In this article, we will discuss different approaches to implementing data masking on the Azure data platform based on the customer requirement and PII sensitivity of data.

“Data masking is replacing high-value data items with low-value tokens partially or fully” – Gartner.

Though Azure databases (SQL/Synapse) have a masking technique as a feature, we will talk about the entire process of data being protected at various stages within the data platform.

Need for data masking:

  • Expansion and maturation of privacy laws in global jurisdictions
  • Growth and increased data security-related awareness of advanced analytics and AI/ML projects, as well as migration of these projects to cloud-based data lakes
  • Increased attention to protecting data from insiders using zero-trust principles whereby all access must be precisely defined and authorized
  • Compliance requirements involve internal requirements, a broad spectrum of regulations, and industry standards, including the Payment Card Industry Data Security Standard (PCI DSS), the Health Insurance Portability and Accountability Act (HIPAA), GDPR, and privacy legislation. They aim to protect data from abuse, prevent fraud, and maintain privacy

Insider threats arise from a growing number of employees and contractors, including:

  • Users of nonproduction databases (for example – data scientists, programmers, testers, and database administrators)
  • Users of analytical and training databases (analysts, researchers, and trainees) and from users with access to insufficiently protected production environments
  • External threats include data exfiltration by various techniques that could exploit overexposed sensitive data and compromised insider identities that have access to sensitive data

Benefits

  • Increase trust in data
  • Improve process efficiencies
  • Speed up Operationalization of analytical models

Types of data masking

It is a technique used to protect sensitive data by creating a version of data that looks structurally like the original but hides (masks) sensitive information. So, it is not helpful if compromised by an attacker. The format of the data remains the same. However, the values change. The masked copy replaces accurate data for testing, demos, or other use cases that don’t require the data itself.

Types of masking

  1. Static data masking

This creates clean copies of the databases, modified to obfuscate all sensitive information, allowing them to be shared with non-production users. Once masked using a static masking approach, the data cannot be unmasked.

Example: Azure Data Lake

  1. Dynamic data masking(DDM):

This enables control of who can view masked data and who roles can view sensitive information. DDM is used to prevent unauthorized access to specific pieces of data by limiting the amount of sensitive data revealed. Data masked using dynamic data masking approaches can be unmasked and viewed without restrictions for authorized users.

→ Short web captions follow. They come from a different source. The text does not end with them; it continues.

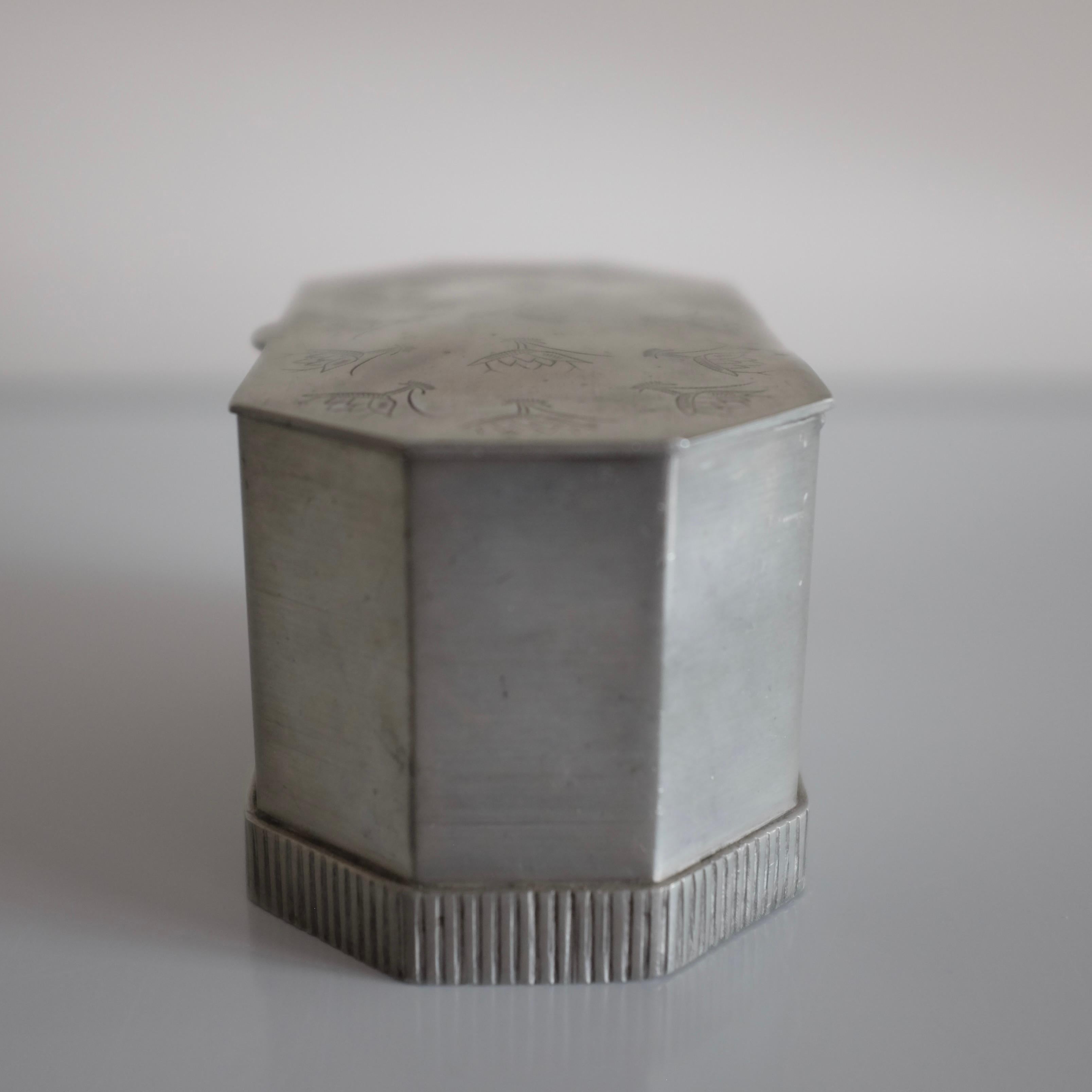 Rare 1931 Pewter box by GAB, Sweden. Octagon shaped body with a decorative flower motif engraved on the lid and inside is lined with purple textil. Age appropriate wear to the pewter.

Country: Sweden

Maker: GAB Svenskt Tenn

Year: 1931 

Material:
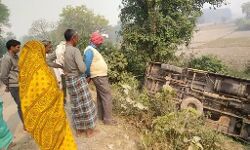 बच्चों से भरी स्कूली बस नहर में पलटी-मचा हाहाकार बच्चों से भरी स्कूली बस नहर में पलटी-मचा हाहाकार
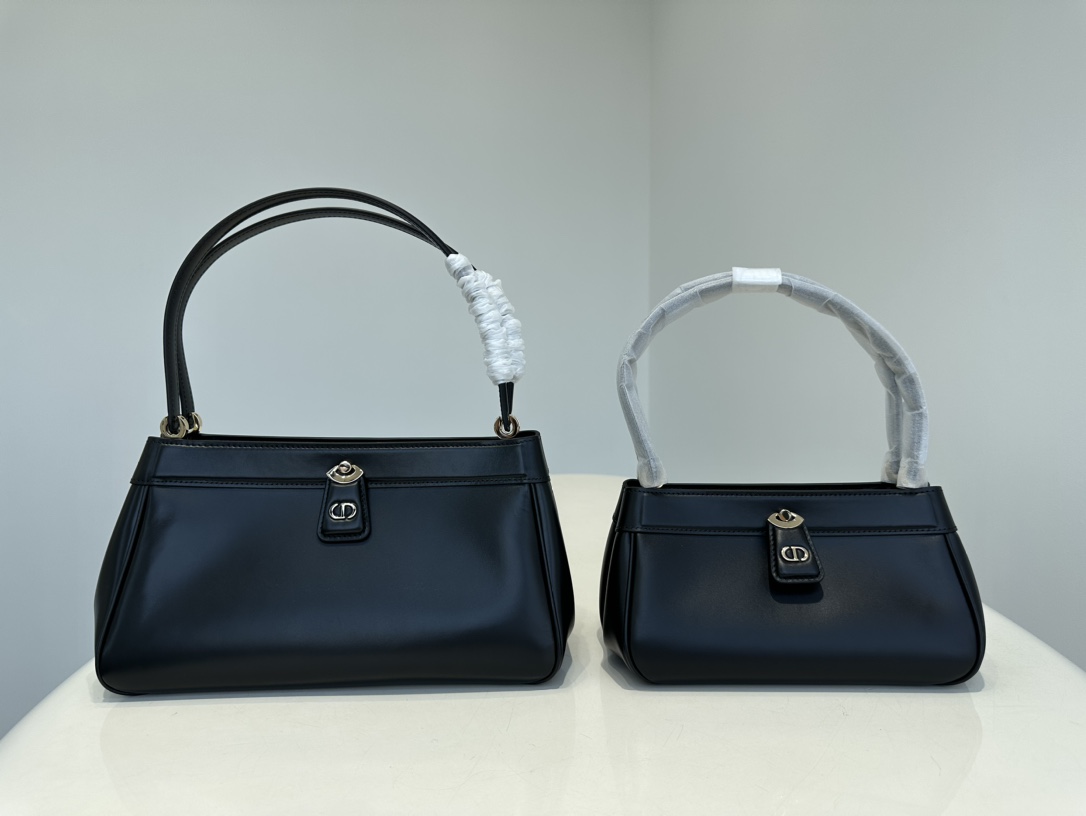New Dior Dior hand-held armpit bag!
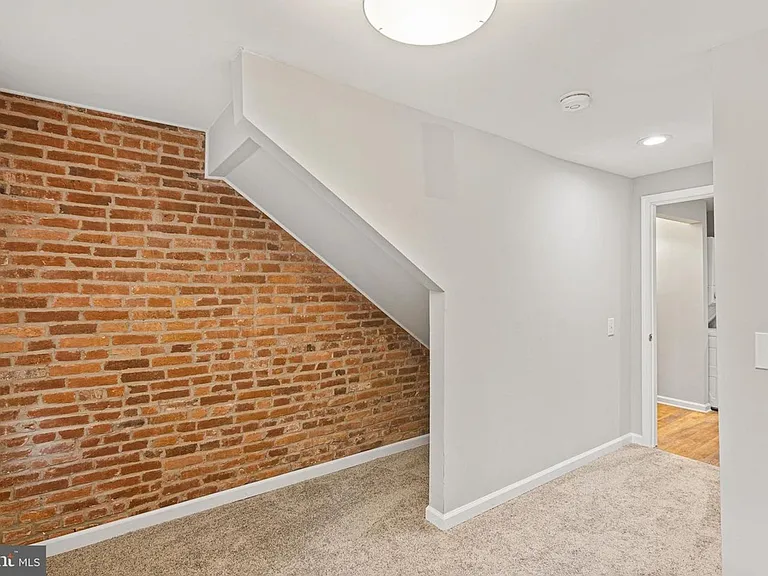 1259 Washington Blvd — Photo 14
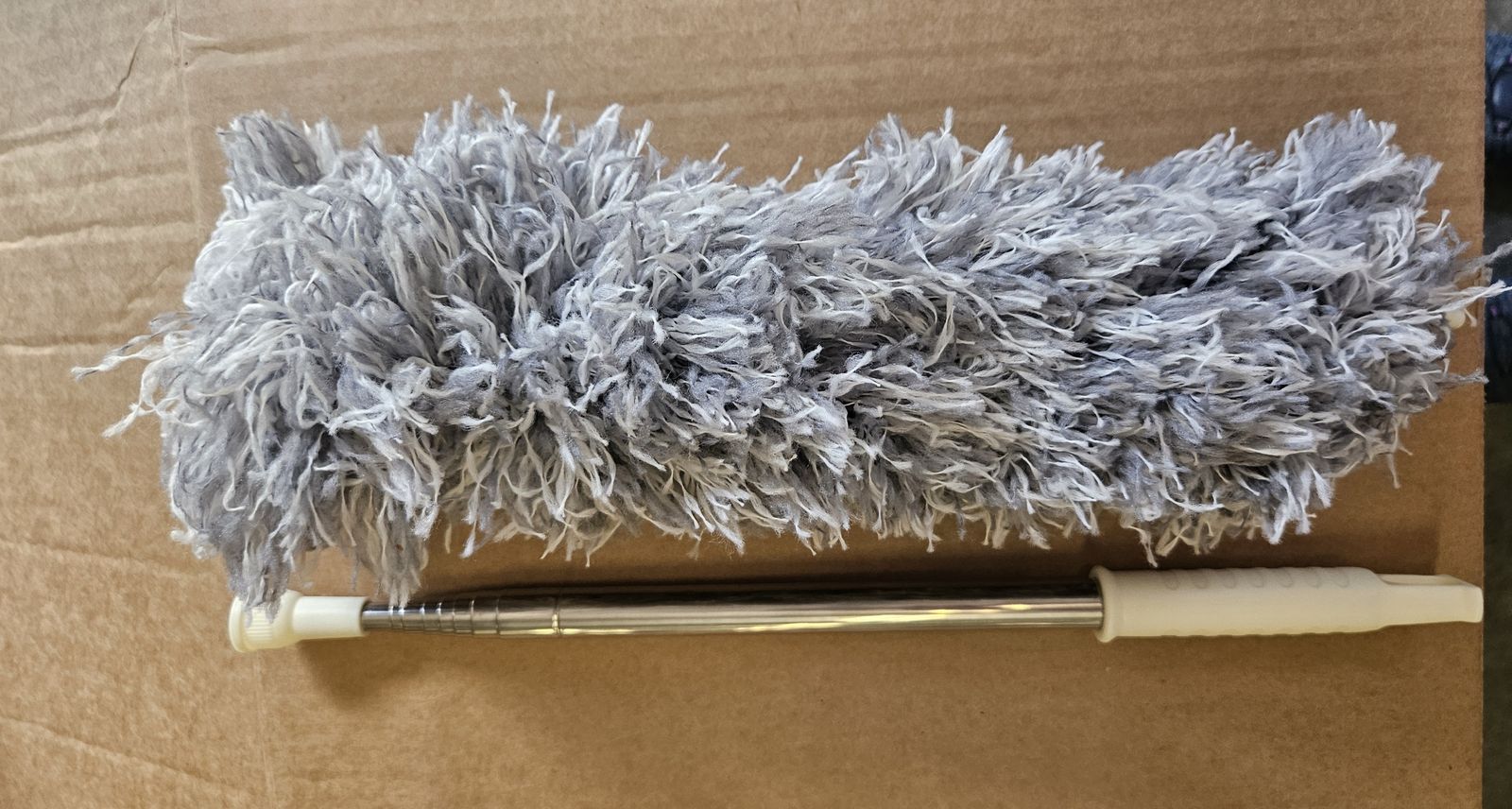 Telescoping microfiber duster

Example: Azure Synapse Analytics, Azure SQL DB

Data confidentiality classification

  • Before ingesting the data into the cloud, it should be classified below
  • Classification E data should be ingested to the highly classified landing zone with just-in-time access, customer-managed keys for encryption, and inbound or outbound restrictions applied

Classification

Confidential

Description

A

Public

  • Anyone can access
  • Can be sent to anyone, for example, open government data

B

Internal use only

  • Employees only can access
  • Cannot share it outside the company

C

Confidential

  • Should be shared only if needed for a specific task
  • Cannot be sent outside the company without a non-disclosure agreement

D

Sensitive (personal data)

  • Personal data that must be masked and shared only on a need-to-know basis for a limited time can’t be sent to unauthorized personnel or outside the company

E

Restricted

  • Only to be shared with named individuals who are accountable for its protection, for example, legal documents, trade secrets

Approach 1: Mask at source

Approach 1

  • In this approach, the data are masked inside the source storage system
  • Only administrators can see the data, whereas unprivileged users get the masked data
  • Some popular tools are
    • IBM Infosphere optimum data privacy
    • Voltage secure data

Not all storage system supports data masking. Also, once the data is masked on-premise it cannot be unmasked in the cloud.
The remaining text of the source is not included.